Data movement processing core 106 may receive information 111 regarding the state of interconnect fabric 101 during the complex computation. Conditional logic 109 may use information 111 regarding the state of interconnect fabric 101. In specific embodiments, conditional logic 109 may use information 111 to reconfigure a state of router 104. For example, if information 111 indicates that interconnect fabric 101 is busy or crowded, conditional logic 109 may increase the size of the buffers available for the routers.
Router 104 may be communicatively coupled with memory 105. The communication path between router 104 and memory 105 may include other components or elements of processing core 102, or may be a direct route. Router 104 may move computation data from memory 105 (e.g., a scratch pad memory in memory 105) through interconnect fabric 101. That is, computational data may be moved out of processing core 102 (e.g., off a chip) via a scratchpad in memory 105. The communication data may be transported through interconnect fabric 101 to processing core 152, to another processing core (not shown), or to another component of network 100.
In specific embodiments, the operations that are usually managed by elements such as DMA engines are handled by a fully functional processing core, such as data movement processing core 106, that offers enhanced flexibility and greater functionality to the administration of the interconnect fabric in terms of packet routing, data flow, and general data movement. The fully functional processing core can be a RISC-V core which is dedicated to the administration of an interconnect fabric (e.g., NoC). The fully functional processing core can allow for software-controlled data movement administration during the execution of a composite computation by a network of computational nodes such as network 100. Interconnect fabric 101 (e.g., NoC) may be used to interconnect processing cores 102, 152, and others (not shown) which are executing a composite computation in combination, and each processing core can include a data movement processing core to administrate the movement of data and instructions between the processing cores in order to carry out that composite computation.
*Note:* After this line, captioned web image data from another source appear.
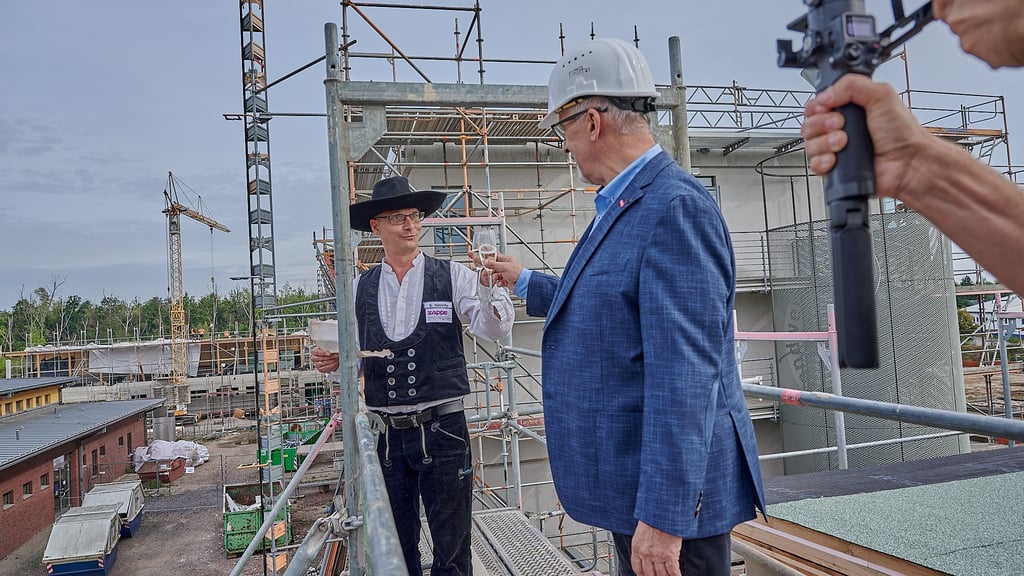 Auf baldige Fertigstellung: Dachdeckermeister Sven Hinrichs und Halles Handwerkskammerpräsident Thomas Keindorf stoßen beim Richtfest auf den Campus Handwerk an.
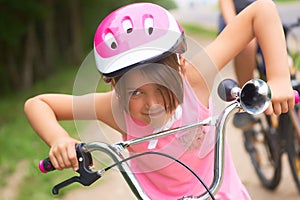 Portrait of a litte girl in a pink safety helmet driving her bike.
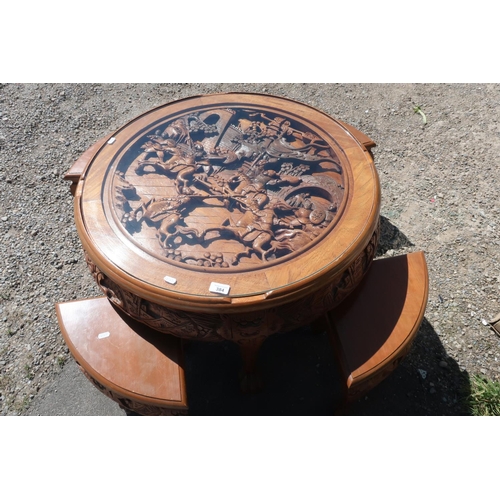 384 - Oriental carved hardwood circular occasional table with carved detail to the top and glass panel, wi...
By using data movement processing core 106 (e.g., a fully functional and programmable processing core) to administrate interconnect fabric 101, several benefits can be realized. First, if a simple system like a DMA is utilized, some data movements can be optimized while others are not. However, if the data movement processing core is used instead, the configuration can be changed by software during execution of a composite computation and the interconnect fabric can be optimized for different data movements at different times. Furthermore, different sections of a shared or global distributed memory can be assigned to a specific core and each data movement processing core can maintain an address directory indicating which addresses are associated with each core. Furthermore, in specific embodiments, each data movement processing core can maintain a table indicating where specific data elements or variables used in the complex computation are located so they can send specific requests for a given data element to the appropriate core. These tables and directories can be initialized and modified through the course of a composite computation using software. The tables and directories can be instantiated using programmable registers in the network control processing cores that control the movement of data through the system.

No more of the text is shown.